Sidewalks and coffee machines

 

In her seminal book “The Death and Life of Great American Cities”, Jane Jacob consider the sidewalk as the most important infrastructure of big cities: by allowing ad-hoc encounters as trivial as asking for directions, getting advice from the local shop, saying hello to a neighbor or flattering his dog, the sidewalk facilitates the emergence of a feeling of community among people that are generally strangers to each other.

 

In large corporations, the beloved coffee machine can be seen as the analogue of the sidewalk of great American cities.

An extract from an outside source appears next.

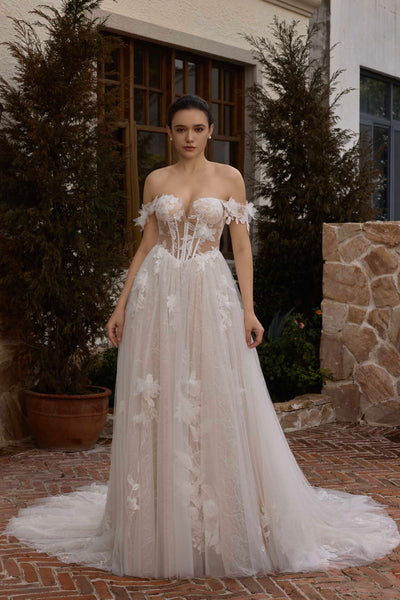 basque waist corset wedding dress Nude Beige Corset Floral Lace Tulle Aline Wedding Dress Nude Beige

In their ability to generate contacts, both the sidewalk and the coffee machine can be seen as some kind of “Soft corporate township” that is fundamental to an organization equilibrium.

 

But with the raise of internet and the increase of the time we spend on screens, we are less open to our physical environment, and a question has appeared: where are the sidewalks and coffee machines of the XXI century?

 

Instead of going back to the way things were, can we move forward and promote this ad-hoc encounters in our computers? Can we imagine a software infrastructure the same way Jane Jacob considered the sidewalk as a communication infrastructure?

 

I think so. Although it will never replace the warmth of coffee machines conversations, a software could help create connections, and eventually facilitate real encounters.

 

 

Before defining what would be the mechanism of such system, I will start by developing two points on how software design influences our perceptions and behaviors.

 

1.     Information bubbles

 

After the 2016 United States presidential election, Facebook has been blamed for creating a so called “information bubble”. Let’s say you liked a video on Facebook that was in favor of the republicans, Facebook will then categorize you as a republican. It will then only show you content in this direction and will very rarely offer contradictory point of view.

 

This phenomenon may be new in the public sphere but it is very well known in corporation management systems, albeit under a different name: “information silo”. If you are in the operations service you will mostly receive information linked to your department and rarely get to know what is happening, for example, in marketing, how it will affect you and how you could contribute to it. During my career, I have seen two teams working at fifty meters distance on the same project without knowing it, and after six months presenting two different solutions to the same customer.

 

If we get back to the second requirement of corporate township (it is transversal), information bubbles and silos are an obstacle to this need for transversality.

 

 

 

2.     “Day by day, what you do is who you become” Heraclitus

 

Software design influences not only the information we are exposed to but also the way we behave. Let’s take again the example of Facebook. We often complain that Facebook relationships are superficial. Now think about what you do most of the time on Facebook: you like. A “like” is a very basic and superficial signal, it is binary: 0 or 1. It is not really a surprise that there is a feeling of emptiness in it. Now you could argue that Facebook have enriched the “like” button to “reactions”. But again here we are talking about a limited set of emotional reaction: like, love, haha, wow, sad, angry. There is limited space for more rational reactions such as “factually correct” or “biased”.  This does not mean Facebook is bad, it is fun, and you can always comment, but it is incentivizing a certain kind of reaction. It is just limited, and limiting.

 

The same is true for collaboration software at work. Enterprise enriched social network like Yammer, Slack or the recent Microsoft Teams. They are great for team discussion but by focusing people attention on chatting they incentives noise instead of strategic thinking or transversal knowledge sharing.

 

“Different media designs stimulate different potentials in human nature. We shouldn’t seek to make the pack mentality as efficient as possible. We should instead seek to inspire the phenomenon of individual intelligence.” Jared Lanier

 

If we get back to the third requirement concept of “corporate township” (it has impact), there is a need for collaboration software that incentivizes thinking, deep knowledge sharing and strategic production instead of reaction, emotions and noise.